There were only two other birders on site. We soon realised there was no sign so far this morning. We met up and discussed where we though the bird had been and where we thought it might be. I headed south down towards the Martello Tower, while the other birder headed north. GAS stayed in the middle just in case.
I was on the way back up when GAS started ringing and waving frantically at me. However, I'd already noticed the birder who had walked north was now kneeling down and pointing his camera at a bush. I'd got quite a long walk to get back, but I took my time. As I got closer, I thought I'd better have a quick glance at it through my bins in case it flew off. (I learnt this harsh lesson from costly mistakes before. We visited Inner Marsh once to see two Long-billed Dowitchers. All the waders were asleep in front of the hide. Instead of asking someone, I thought I'd test myself and find them all by myself. I started scanning through, and then a Merlin flashed past and flushed the whole flock. The Dowitchers weren't seen again!) As I lifted my bins, the Hornemann's flew off. I watched its white Brambling-type rump disappear off over the houses and drop out of view behind the boat yard. Everyone else had been watching it at point blank range, and I'd had a brief flight view.
We walked around a bit, and then just waited. There was no sign through the fence of the boat yard. Eventually, Rainham Howard refound it. He watched it fly from the boat yard, gain height and fly south down towards the Martello Tower. A few of us walked down, but again there was no sign. It certainly wasn't behaving like it did on Sunday.
I was knackered by this stage and so I just sat in the car. At about 10:30hrs there was still no sign. I stood by the car for a bit, but most birdwatchers were just standing around chatting. The birder in the car behind me started watching a bird high in the sky flying towards him. I managed to follow it and knew immediately it was the Redpoll again. It flew right overhead and carried on towards the boat yard. It landed on a mast, and I shouted to a group of Suffolk birdwatchers in front of me. They decided to walk up the path a bit. It soon dropped off the mast and landed out of view behind the houses again. There was a mass movement towards the town. A group managed to pick it up again on the ground. Some birders tried to find their way behind the houses, others stayed where they were. But it had been lost again.
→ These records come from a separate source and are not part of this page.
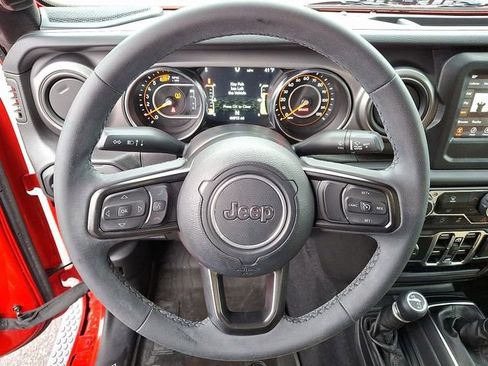 Used 2023 Jeep Wrangler Sport S image 15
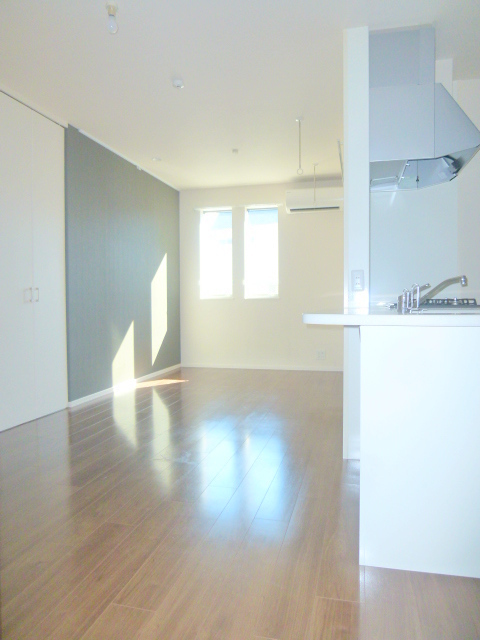 居室・リビング　★キレイなフローリングのお部屋です★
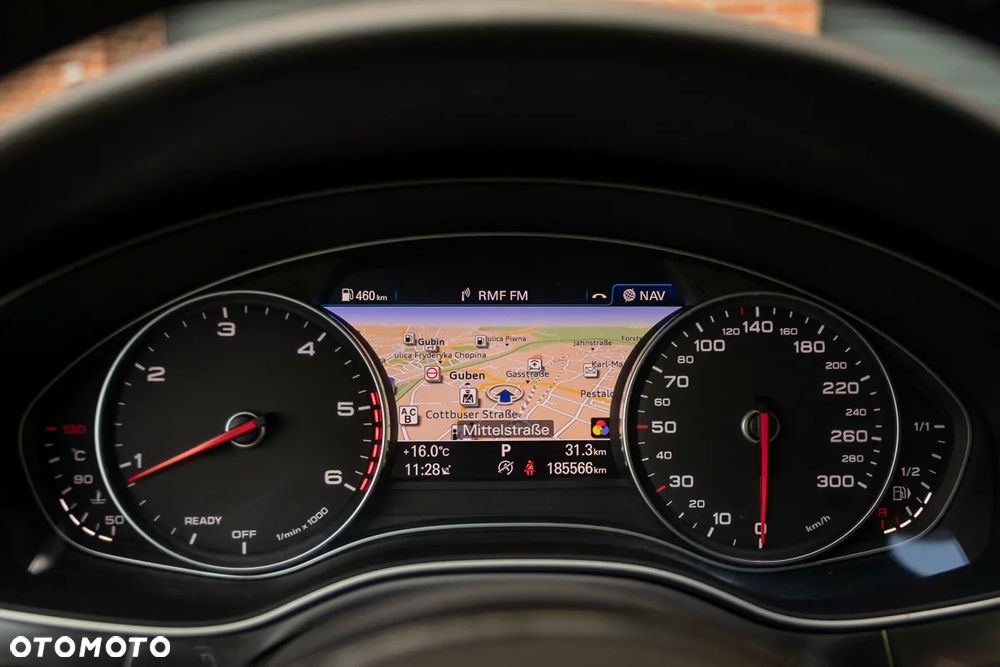 Audi A6 Avant 2.0 TDI Ultra DPF S tronic - 27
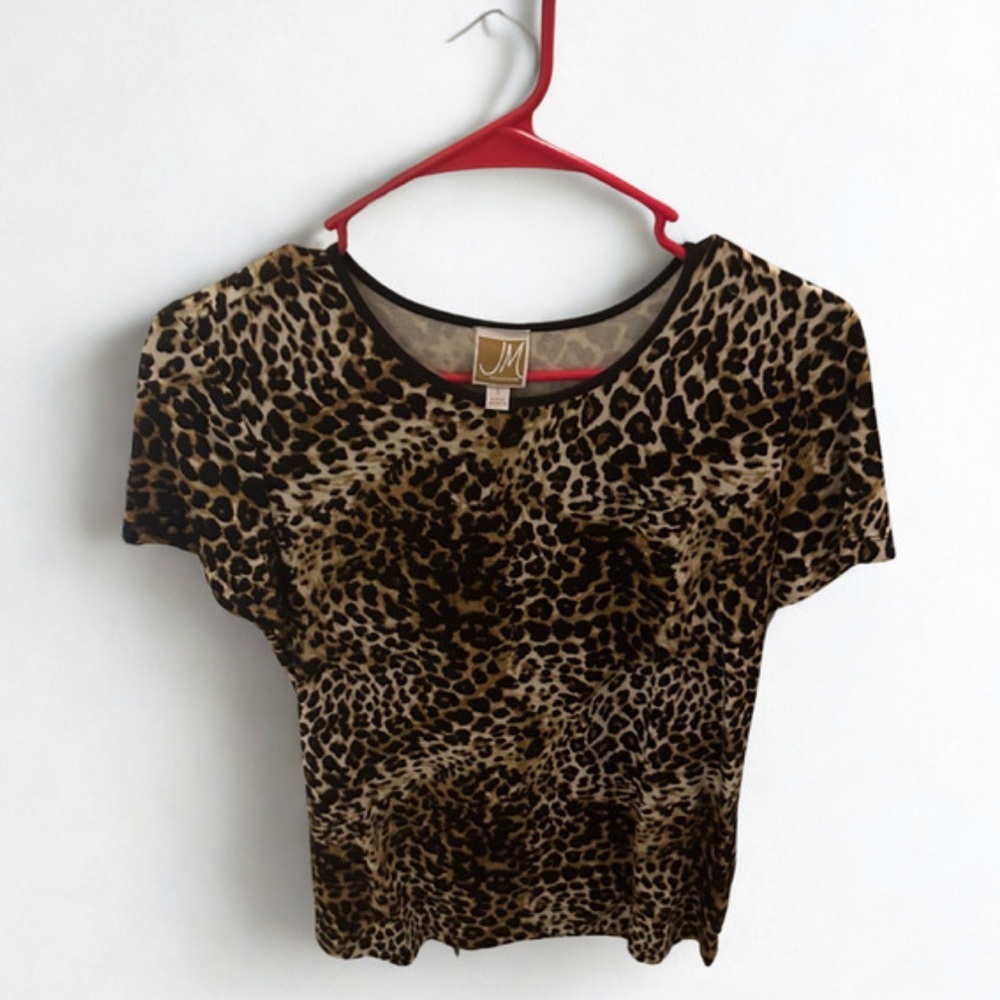 Leopard Print Women's Top Size Small. Can Be Paired With Anything.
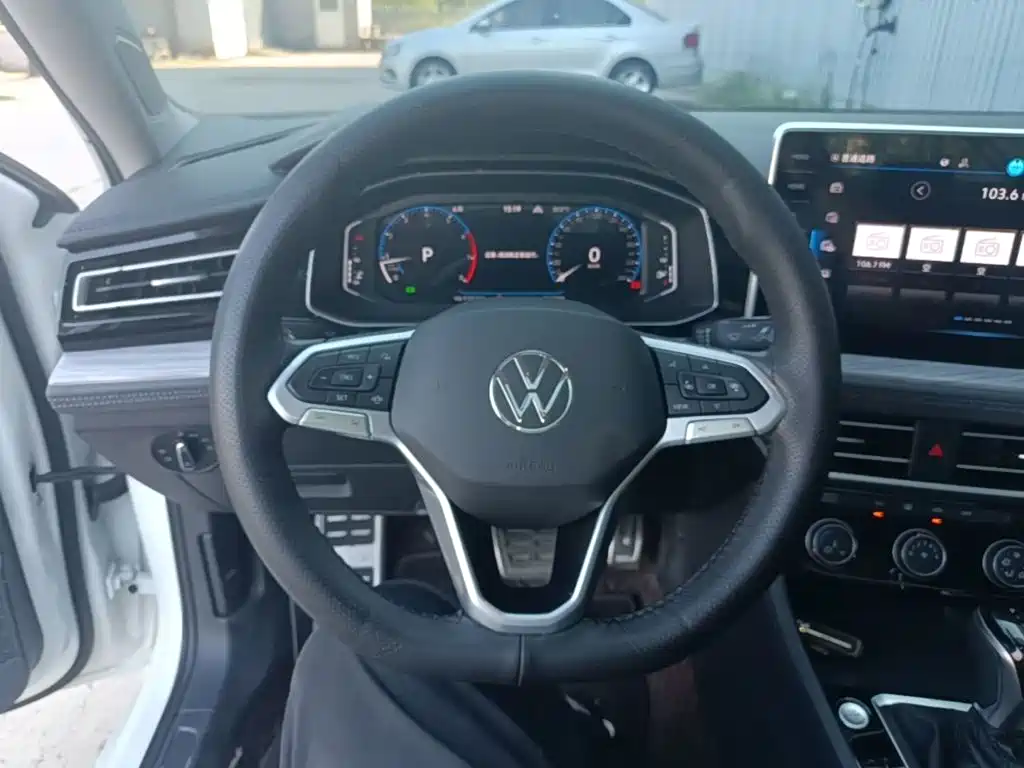 Volkswagen Sagitar — миниатюра 11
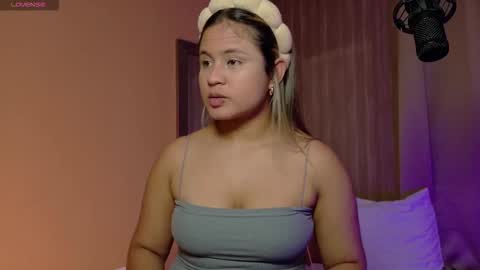 aurora_collins08 online show from March 5, 1:50 pm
We decided to stroll back to the beach. We made for the car again. GAS then spotted a birder lying on the beach with the bush just in front of him. It took me a few moments to realise what he was doing. We walked straight up to him and there was the Hornemann's Arctic Redpoll feeding away. It was a strange few moments. I presume he was as surprised as the rest of us that it had suddenly returned to its favourite bush. He was snapping away, taking photo's and presumably had forgot to wave to everyone.
We enjoyed fabulous views of it as it fed a few metres in front of us. Taking photo's was difficult due to the freezing temperatures, and you couldn't take your gloves off for long. It had taken me nearly four hours to see the bird after missing it's first showing!
A few pictures of the Hornemann's Arctic Redpoll in Suffolk
The crowd were quite well behaved except for the one who moved right in front of my scope. I whistled him. He looked at me and carried on snapping away.